Périco Légasse dénonce les effets du « modernisme obligatoire » qu’imposerait le Guide Michelin. C’est peu dire que le (très) critique – auteur du « Dictionnaire impertinent de la gastronomie » – n’y va pas avec le dos de la cuillère.
« Sud Ouest ». Si les ventes du Michelin ont tendance à faiblir, c’est, selon vous, parce qu’il n’a plus aucune utilité en France…
Périco Légasse. Entre les magazines spécialisés, les émissions de télévision et surtout Internet, les gastronomes sont aujourd’hui surinformés. Je n’en connais pas un seul qui attende encore sa sortie pour savoir où sont les grandes tables.
S’il reste un guide touristique formidable mais aussi une sorte de revue interprofessionnelle, le Michelin n’est désormais plus guère utile qu’aux touristes étrangers.
Le guide est périmé, car il refuse toujours de donner les critères de ses avis pourtant solennels
Face aux vrais-faux avis pullulant sur Internet, l’institution Michelin n’est-elle pas tout de même un impartial et précieux garde-fou ?
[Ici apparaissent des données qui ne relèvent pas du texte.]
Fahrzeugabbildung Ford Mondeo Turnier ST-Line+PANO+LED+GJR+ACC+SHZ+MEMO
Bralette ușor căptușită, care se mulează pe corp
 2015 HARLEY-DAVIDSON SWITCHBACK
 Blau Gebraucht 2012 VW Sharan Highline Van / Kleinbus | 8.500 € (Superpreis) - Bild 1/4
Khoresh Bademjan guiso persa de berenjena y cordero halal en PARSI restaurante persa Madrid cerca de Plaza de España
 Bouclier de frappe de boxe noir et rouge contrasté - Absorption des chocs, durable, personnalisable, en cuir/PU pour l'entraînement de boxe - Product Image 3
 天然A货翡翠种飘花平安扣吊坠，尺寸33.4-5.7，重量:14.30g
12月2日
Sauf que ce véritable tribunal de la cuisine manque également de transparence. J’estime que le guide est périmé, car il refuse toujours de donner les critères de ses avis pourtant solennels. Qu’il s’agisse d’installer un chef au sommet de la gloire ou bien de l’en faire choir, les codes des inspecteurs restent un mystère.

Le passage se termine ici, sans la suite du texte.